To demonstrate the pace of change in agile teams, we gave ourselves one day to rapidly prototype the service, working here and at offices in Plymouth and Leicester. 8 features were built and deployed on the day, iterated in response to testing with real users.
You can see a short film of the team working on it, already showcased on the Land Registry blog. A huge thanks to everyone involved, especially Coca Rivas and Richard Stobart for organising and facilitating the day.
Simon Cairns, digital service delivery lead at Land Registry:
The aim today is to bring some customers in and have them look at the system that we’re developing. We’ll be taking you through a set of scenarios. We’ll then take that feedback; we’ll make some changes.
Angela Jackson, head of product management at Land Registry:
[to a service user] If you imagine Land Registry has launched this service and you’re using it for the first time.
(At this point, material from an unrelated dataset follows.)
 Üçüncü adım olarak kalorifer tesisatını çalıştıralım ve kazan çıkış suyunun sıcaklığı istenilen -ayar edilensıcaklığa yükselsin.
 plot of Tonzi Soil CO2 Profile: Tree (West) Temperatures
We’re doing it in a day to push the boundaries and test to see exactly what can be achieved.
Paul Downey, technical architect at GDS:
You don’t really know how good your website is until you see ordinary people who’ve not seen it before trying to use it.
Hope Mason, service user:
I’m struggling to see the exact title number.
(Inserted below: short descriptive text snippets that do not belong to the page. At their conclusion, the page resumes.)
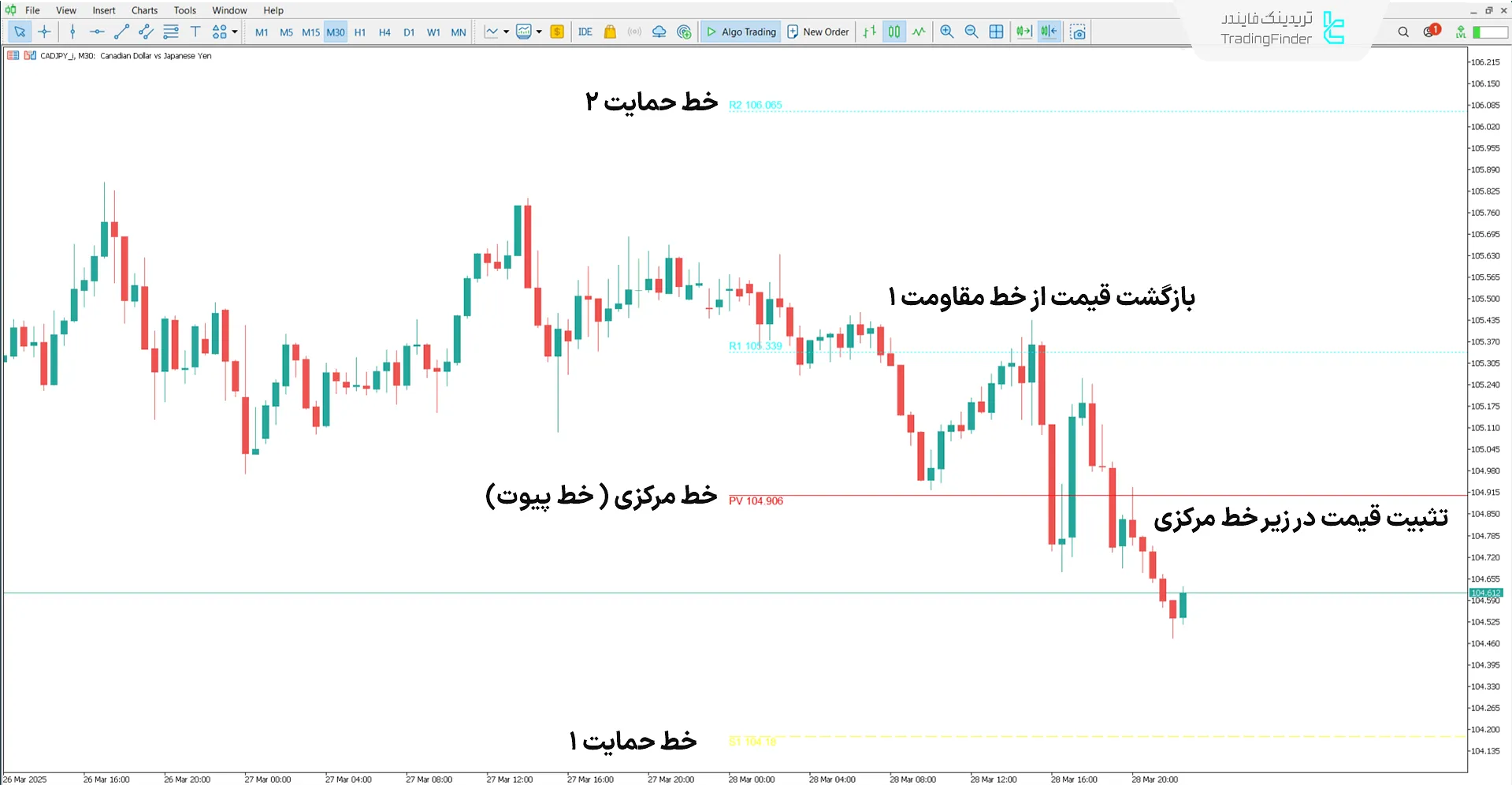 اندیکاتور سی پی آر  (CPR)در متاتریدر 5 رایگان - [تریدینگ فایندر] 2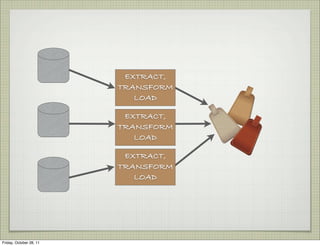 EXTRACT,
                         TRANSFORM
                            LOAD

                          EXTRACT,
                         TRANSFORM
                            LOAD

                          EXTRACT,


                              Callimachus
                         TRANSFORM
                            LOAD




Friday, October 28, 11
 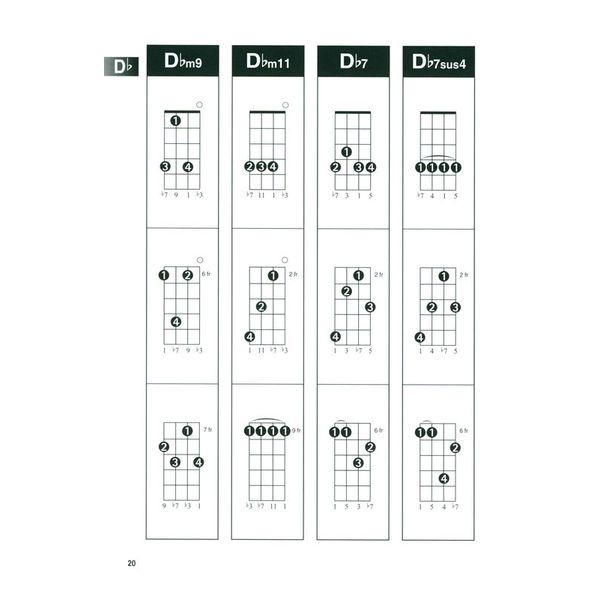 Hal Leonard Mandolin Chord Finder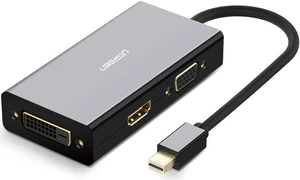 UGREEN Mini DisplayPort to HDMI DVI VGA Adapter 4K Mini DP Converter Thunderbolt Compatible 3 in 1 for Mac, 2015 MacBook Pro Air, iMac, Surface Pro3 Pro4, Google Chromebook, PC, Black UGREEN Mini DisplayPort to HDMI DVI VGA Adapter 4K Mini DP Converter Thunderbolt Compatible 3 in 1 for Mac, 2015 MacBook Pro Air, iMac, Surface Pro3 Pro4, Google Chromebook, PC, Black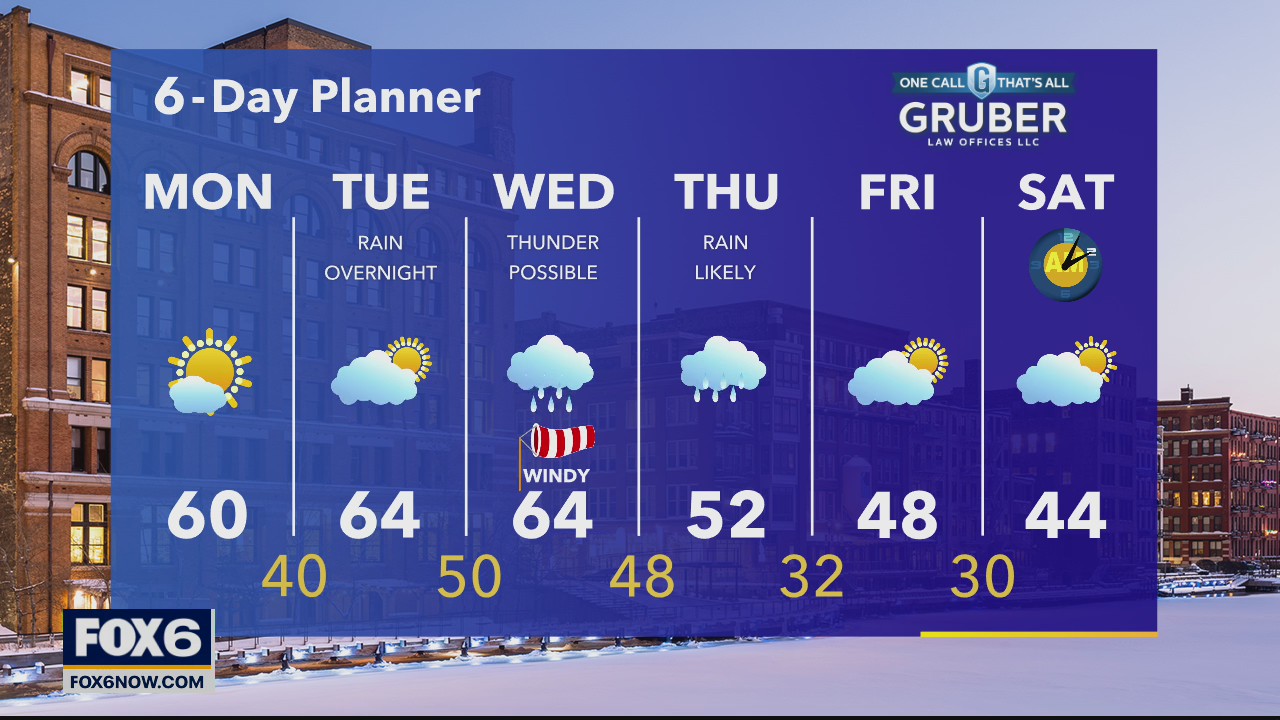 Weather webcast with Rob Haswell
Kim Bird, scrum master at Land Registry:
One couldn’t read the title number, so we can certainly do something about making that title number more visible.
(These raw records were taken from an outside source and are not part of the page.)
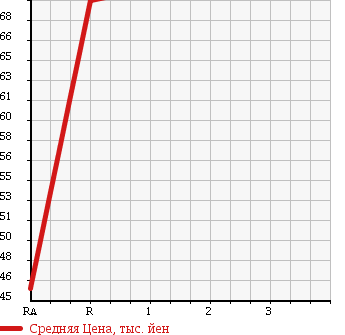 Аукционная статистика: График изменения цены TOYOTA Тойота  CELICA Селика  2005 1800 ZZT230 SS-I в зависимости от аукционных оценок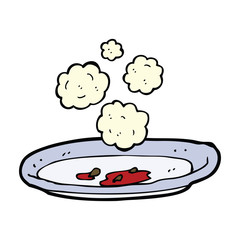 cartoon empty plate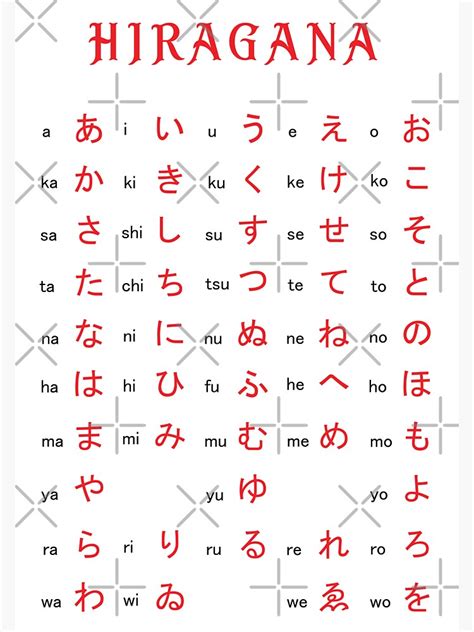 "Hiragana Chart - Japanese Alphabet" Sticker for Sale by MayumiArt | Redbubble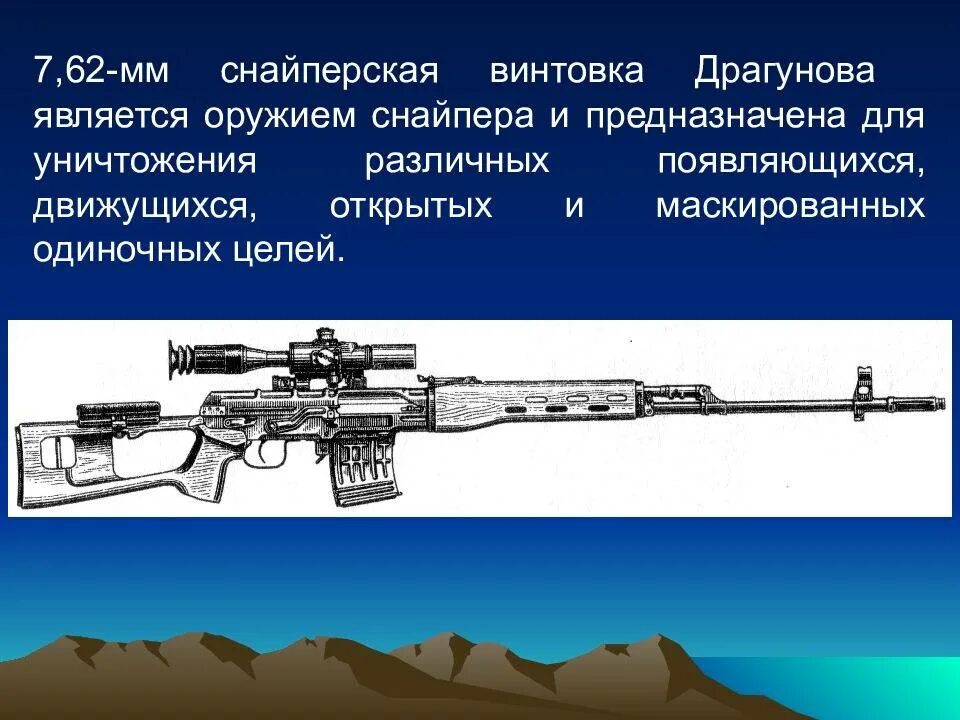 Сборка свд. 7,62 Мм снайперская винтовка СВД. 7,62-Мм снайперская винтовка Драгунова СВД. 7.62 Снайперская винтовка Драгунова. Характеристики СВД 7.62.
Yes, a more in-your-face title number would be… Yes, let’s do that. We need to make sure we deploy something in a couple of hours’ time. It’s quarter past 12 now. Let’s go; let’s do it.
Mark Kelly, senior developer at Land Registry:
I’ve been working on displaying the information on the screen; making it more readable for the users. I’ve made the font size bigger, but the other thing is I’ve added a halo round it, so it’s much easier to read.
One of the ideas suggested by the users this morning was going from a property on the map to seeing that in Google Streetmaps. Here’s the Land Registry map. I’ve managed to add a little popup which says “Here’s the download, the titles, plan of the titles”, and here’s, “View that page in Google Maps”.
Nick Breeze, user researcher at GDS:
There were problems with the colours. A lot of people mentioned about understanding what the different colours meant. The colour edition of the maps made everything a lot clearer.
Keith Hurst, senior responsible officer at Land Registry:
Agile. This is my first experience of working in this way. The team is really energised.
We’d set out with the hope of being able to change, I think, one or two things was maybe the expectation. We I think finished eight story cards today, which has been beyond anybody’s expectations.
Hope Mason, service user:
I think for the timeframe that they had, an awful lot was achieved. The base product is really there; it does what you need it to do.
Jim Wilson, service user:
I thought it was a good service beforehand, but with the enhancements, it’s much more improved.
Ed Birrell, service user:
Yes, very impressive. The fact that they actually made changes whilst we were in the meeting as well.
They like the features, they like the changes, the look and feel of it. They saw improvements.
I think what we’ve learned is we can make changes quickly, but also, getting the value of having developers listen to what the customers are saying, watching them work with the system; I think it’s proved invaluable.